Upon a capture event, the status bit CAP will be set and an interrupt will occur if enabled. Accurate time measurements of external events can be measured utilizing input capture. This can occur because it captures or time stamps when the event occurs within one timer clock tick without CPU intervention. The CPU only needs to service the timer before the second event occurs. CPU latency up to this point is irrelevant.

The Tin pin may also be used as an external edge programmable interrupt pin. You only need to set the Tin pin to capture the edge you want and to generate an interrupt when the edge occurs. The contents of the 16-bit capture register is usually ignored.

## Question Which of the following are features of the output compare function? Select all that apply. Generates pulse trains, one time pulse generation, or single shot operations. Generates periodic interrupts that are used to handle background tasks, such as scanning a keyboard, polling I/O, or checking status flags. Contains a 16-bit reference register that compares each timer clock to the 16-bit running counter. Measures input pulses and timing for external events.

Consider this question about the output compare function.

## Answer:

The output compare function generates pulse trains, one time pulse generation, or single shot operations. It also generates periodic interrupts that are used to handle background tasks, such as scanning a keyboard, polling I/O, or checking status flags. Finally, it contains a 16-bit reference register that compares each timer clock to the 16-bit running counter.

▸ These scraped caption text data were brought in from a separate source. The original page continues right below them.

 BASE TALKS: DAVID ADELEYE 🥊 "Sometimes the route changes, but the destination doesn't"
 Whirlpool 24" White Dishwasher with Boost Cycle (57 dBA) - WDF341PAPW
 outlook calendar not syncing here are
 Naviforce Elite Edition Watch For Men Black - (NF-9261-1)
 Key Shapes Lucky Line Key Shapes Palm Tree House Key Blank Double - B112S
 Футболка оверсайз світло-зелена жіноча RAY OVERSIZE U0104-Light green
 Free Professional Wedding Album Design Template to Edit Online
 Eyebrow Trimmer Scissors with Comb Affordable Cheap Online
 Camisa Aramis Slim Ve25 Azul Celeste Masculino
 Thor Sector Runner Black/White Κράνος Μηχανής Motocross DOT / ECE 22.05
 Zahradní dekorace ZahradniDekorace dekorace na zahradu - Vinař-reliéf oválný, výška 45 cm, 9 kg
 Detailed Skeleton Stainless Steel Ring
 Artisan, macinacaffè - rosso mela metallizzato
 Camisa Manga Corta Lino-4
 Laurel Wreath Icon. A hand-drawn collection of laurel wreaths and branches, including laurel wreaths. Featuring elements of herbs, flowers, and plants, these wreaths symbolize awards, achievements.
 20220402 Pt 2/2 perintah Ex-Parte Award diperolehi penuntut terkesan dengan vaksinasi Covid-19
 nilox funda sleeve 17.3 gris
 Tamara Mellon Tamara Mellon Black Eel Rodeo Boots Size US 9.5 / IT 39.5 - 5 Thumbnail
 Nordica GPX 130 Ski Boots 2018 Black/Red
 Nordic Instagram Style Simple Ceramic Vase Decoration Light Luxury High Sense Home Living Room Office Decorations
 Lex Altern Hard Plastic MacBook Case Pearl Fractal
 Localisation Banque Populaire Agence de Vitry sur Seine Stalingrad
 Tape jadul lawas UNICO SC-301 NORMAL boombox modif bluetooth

Let's review the ColdFire General Purpose Peripherals that we examined in this module. First, we learned about the features and operation of the of the MAC programming model, the hardware divide module, and system integration. We then looked at the attributes and functionality of JTAG, dBUG, and UART. Next, we examined the features and operations of several controllers including the Direct Memory Access (DMA) and (S)DRAM controllers. Next, we reviewed the I<sup>2</sup>C module features and operations and Timer features and clock selection. Finally, we learned about the attributes and operations of the timer's output compare function and input capture function.